With this perspective in mind, here are five current African Presidents, whose fathers have also been president and how they differ from their fathers.

President of Botswana

Ian Khama, the current President of Botswana, is the son of Sir Seretse Khama, The country’s first post-independence leader. Ian was born on the 27th of February 1953 during his parents’ exile in England. He took over as President in April 2008 and secured a five-year term in the 2009 parliamentary election. He also contested and won the election which took place in 2014.


According to the BBC, critics describe him as an authoritarian while supporters say he is decisive and efficient.

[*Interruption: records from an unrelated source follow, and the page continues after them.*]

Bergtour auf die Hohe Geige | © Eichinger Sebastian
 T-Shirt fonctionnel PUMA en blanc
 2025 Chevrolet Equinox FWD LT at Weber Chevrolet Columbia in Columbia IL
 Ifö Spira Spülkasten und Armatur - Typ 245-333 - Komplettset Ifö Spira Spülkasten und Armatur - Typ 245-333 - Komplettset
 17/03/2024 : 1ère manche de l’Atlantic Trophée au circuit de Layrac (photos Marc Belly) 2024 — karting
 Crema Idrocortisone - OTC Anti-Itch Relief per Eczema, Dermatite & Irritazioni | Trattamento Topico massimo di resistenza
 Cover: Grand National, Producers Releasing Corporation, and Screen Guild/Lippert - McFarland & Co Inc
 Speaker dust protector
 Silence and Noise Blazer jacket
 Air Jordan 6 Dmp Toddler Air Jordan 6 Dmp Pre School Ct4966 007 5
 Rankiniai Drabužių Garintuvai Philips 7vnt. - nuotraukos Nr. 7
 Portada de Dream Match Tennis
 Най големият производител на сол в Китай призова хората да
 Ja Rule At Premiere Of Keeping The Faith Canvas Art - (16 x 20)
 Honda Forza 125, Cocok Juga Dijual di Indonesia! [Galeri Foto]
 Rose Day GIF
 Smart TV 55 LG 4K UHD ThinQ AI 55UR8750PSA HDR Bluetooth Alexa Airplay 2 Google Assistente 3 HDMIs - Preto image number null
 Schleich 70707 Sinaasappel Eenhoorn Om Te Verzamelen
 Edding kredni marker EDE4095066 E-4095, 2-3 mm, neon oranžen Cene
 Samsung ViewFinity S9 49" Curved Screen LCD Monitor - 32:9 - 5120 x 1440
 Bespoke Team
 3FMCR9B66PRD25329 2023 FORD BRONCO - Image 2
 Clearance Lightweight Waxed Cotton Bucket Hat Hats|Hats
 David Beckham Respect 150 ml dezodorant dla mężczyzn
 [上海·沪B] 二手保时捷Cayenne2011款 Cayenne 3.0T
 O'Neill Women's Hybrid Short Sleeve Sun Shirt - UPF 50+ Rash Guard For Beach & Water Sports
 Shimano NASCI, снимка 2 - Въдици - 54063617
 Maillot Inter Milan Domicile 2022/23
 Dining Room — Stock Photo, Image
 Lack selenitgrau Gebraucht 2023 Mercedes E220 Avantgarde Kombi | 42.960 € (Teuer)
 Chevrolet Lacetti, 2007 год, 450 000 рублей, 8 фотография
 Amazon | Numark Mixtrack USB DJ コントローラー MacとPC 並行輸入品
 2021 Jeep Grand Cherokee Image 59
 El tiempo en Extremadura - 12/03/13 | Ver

Ian has been advised to act like his father, Sir Seretse Khama’s who was a statesman and played a vital role in the liberation of the Southern African region rather than give way to whims that harm his relationship with fellow African leaders.

President of Kenya

Uhuru Kenyatta is the 4th President of Kenya and the son of the Founding President, Jomo Kenyatta. Kenyatta, known as Kenya’s youngest president, was sworn in 2013.



President Uhuru Kenyatta has travelled out of Kenya several times unlike his father who travelled only twice during his 15-year rule as President. His father was also known to be an authoritarian who carried a fly-whisk as his mark of authority. President Uhuru does not have a natural flair for public speaking but has a powerful voice and can be persuasive when fighting in his corner.

President of Democratic Republic of the Congo (DRC)

Joseph Kabila, the current President of DRC has been so since 2001. He assumed the Office of the President ten days after the assassination of his father, President Laurent-Désiré Kabila. He was elected as President in 2006 and re-elected for a second term in 2011.


Until 2004, he was famous for being the world’s first president born in the 1970s. The Kabilas have ruled for almost 18 years since the country’s post independence history and unlike his father who had three wives, Joseph Kabila has only one wife.

President of Gabon

The current President of Gabon, Ali Bongo Ondimba, is the son of Omar Bongo who was President from 1967 until his death in 2009. Following the death of his father, Ali Bongo Ondimba contested for the presidential seat under the Gabonese Democratic Party in 2009 where he won the election with a total of 42% of all the votes.


Ali Bongo may not be very different from his father as he was accused in 2010 of swindling millions of Dollars of tax payer money to purchase private property in France.

President of Togo

The current President of Togo, Faure Essozimna Gnassingbé, assumed office after the death of his father, Gnassingbé Eyadéma, in 2005. International leaders originally denounced the naming of Faure as President but he later contested and won through a democratic election that was held, becoming the official Head of State.

He also contested and won the presidential elections in 2009 and 2015. The Gnassingbé family has run Togo through its 55-year post-independence history, with five more years to go following the re-election of the current President.